Among the Okapi
Quiet symbols and fragile but enduring relationships populate the dramatic novel Among the Okapi, a modern parable about securing inner peace.
John S. Taylor’s novel Among the Okapi juxtaposes a professor’s experiences at a Canadian college and in an African rainforest where he conducted his research.
Smith’s discoveries about okapi (the forest giraffe) could have resulted in a prestigious career. Instead, he took a position at Waverly College to be close to Daphne, the sister of his deceased traveling companion, Alice. He’s almost over the loss of Alice when a politician and former mercenary lieutenant, Van Dusen, arrives at Waverly to help open its arts center, raising painful memories as he does.
Meanwhile, Smith enlists Fred, a hapless new lab demonstrator in his department, to help prepare his notes for a series of papers. The work comes at an opportune time: Fred’s landlady is evicting him for overdue rent. And a student, Esther, endears herself to Fred and Smith. The niece of Daphne and Alice, Esther evades the attention of her cousin Jason, who has returned to Waverly after a long estrangement.
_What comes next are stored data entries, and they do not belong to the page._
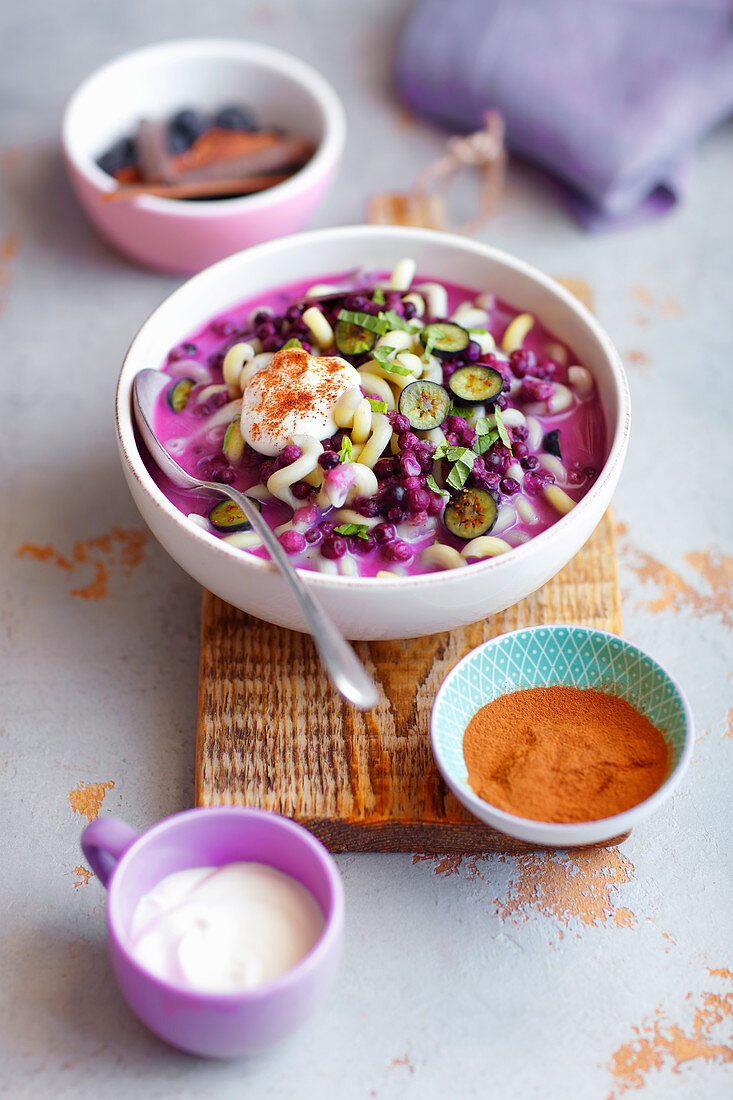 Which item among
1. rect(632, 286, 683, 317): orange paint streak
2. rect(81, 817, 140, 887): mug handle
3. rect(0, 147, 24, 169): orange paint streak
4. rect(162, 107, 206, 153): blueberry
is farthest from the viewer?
rect(0, 147, 24, 169): orange paint streak

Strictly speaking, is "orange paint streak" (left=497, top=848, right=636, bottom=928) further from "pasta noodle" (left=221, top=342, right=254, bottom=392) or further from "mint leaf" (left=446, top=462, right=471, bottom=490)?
"pasta noodle" (left=221, top=342, right=254, bottom=392)

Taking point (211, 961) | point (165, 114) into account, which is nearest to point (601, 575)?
point (211, 961)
Jason’s heroic reaction to a stranger threatening Esther calls Fred’s doting into question. People’s true intentions are exposed at the arts center opening.
Between the comic beginning scene in which Fred escapes his fraught housing situation in a jalopy and the explosive ending scene at the arts center, various threads unravel like “the tentative knitting of the strands of his life into a stable fabric.” Esther is torn between Fred’s devotion to her and Jason’s confidence in her. And in Smith’s story, told most via his notes from Africa, Alice is caught between a government’s enemies and mercenaries. Humorous, tension-building passages convey people’s inner thoughts. These combine with heated confrontations, resulting in a propulsive pace: Fred and his landlady exchange harsh words. Smith calls Van Dusen out for his past crimes. Esther rejects a suitor.
The subject of Smith’s research is never discussed in the book, and the mice that Esther refuses to dissect in Fred’s class are also under addressed, though both prove to hint at the book’s conclusion. Indeed, the story is full of artistic and scientific references. And as its college setting and its domestic Canadian scenes combine with internal turmoil and verbal sparring, the story reaches a chaotic height. Then, a quiet observer emerges—John, Daphne’s husband and Jason’s father. At first on the periphery of the plot (working while Daphne sits on arts-related committees), he returns at its end to deliver a calming perspective and a confession. Though in some ways he feels an ill fit, he becomes the bearer of a subtle message about what truths need to be told and which can be left alone.
Quiet symbols and fragile but enduring relationships populate the dramatic novel Among the Okapi, a modern parable about securing inner peace.